NASA Ames Research Center,
Moffett Field, CA 94035

1Corresponding author.

Contributed by the Dynamic Systems Division of ASME for publication in the JOURNAL OF DYNAMIC SYSTEMS, MEASUREMENT, AND CONTROL. Manuscript received February 2, 2012; final manuscript received February 21, 2014; published online May 8, 2014. Editor: J. Karl Hedrick.

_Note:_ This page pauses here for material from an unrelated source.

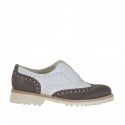 Damenschuh mit Gummiband aus braunem und weissem Leder Absatz 2,5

J. Dyn. Sys., Meas., Control 136(4), 041027 (May 08, 2014) (10 pages) Paper No: DS-12-1043; doi: 10.1115/1.4026957 History: Received February 02, 2012; Revised February 21, 2014

A class of problems in air traffic management (ATM) asks for a scheduling algorithm that supplies the air traffic services authority not only with a schedule of arrivals and departures but also with speed advisories. Since advisories must be finite, a scheduling algorithm must ultimately produce a finite data set, hence must either start with a purely discrete model or involve a discretization of a continuous one. The former choice, often preferred for intuitive clarity, naturally leads to mixed-integer programs (MIPs), hindering proofs of correctness and computational cost bounds (crucial for real-time operations). In this paper, a hybrid control system is used to model air traffic scheduling, capturing both the discrete and continuous aspects. This framework is applied to a class of problems, called the fully routed nominal problem. We prove a number of geometric results on feasible schedules and use these results to formulate an algorithm that attempts to compute a collective speed advisory, effectively piecewise linear with finitely many vertices, and has computational cost polynomial in the number of aircraft. This work is a first step toward optimization and models refined with more realistic detail.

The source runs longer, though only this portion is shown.